2020 IEEE Micro “Top Pick” Award Goes To...
UC Santa Barbara Computer Science ArchLab graduate students Deeksha Dangwal, Weilong Cui, and Joseph McMahan, working with Professor Tim Sherwood, were chosen for the prestigious IEEE Micro “Top Pick” award for 2020. Their work on “Trace Wringing for Program Trace Privacy” was one of 12 papers chosen from across the top computer architecture conferences for 2019. Papers are selected by a combination of industry experts and faculty for innovativeness and the potential for long term impact. Their work explores questions of privacy that come up when attempting to gather data (called program traces) commonly used in optimizing computer systems. They introduce a new idea, trace wringing, that seeks to preserve anonymity and maintain the privacy of user data potentially caught in those traces.

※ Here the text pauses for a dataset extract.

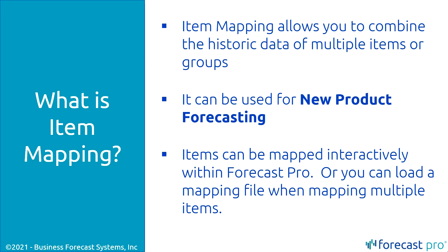This way, we can actually map the history of an existing product to the history of a new product, creating a combined history that will produce a better, more accurate forecast. So, how does this work?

There is a growing interest in privacy research and engineering across computer science. The conflict between the need to share information (to provide more optimal performance) and hide information (for privacy) is becoming increasingly fundamental in the computer system fields as well. Even the simplest program traces, such as memory access traces, have the potential to leak critical information about the system, such as cryptographic keys. Trace wringing tries to capture the underlying "structure" in the program behavior without releasing sensitive information about the actual addresses accessed. To explore the tradeoff exposed by this problem, their trace wringing leverages memory trace synthesis techniques and builds on ideas from computer vision and signal processing. The paper will appear in the May-June 2020 award edition of IEEE Micro.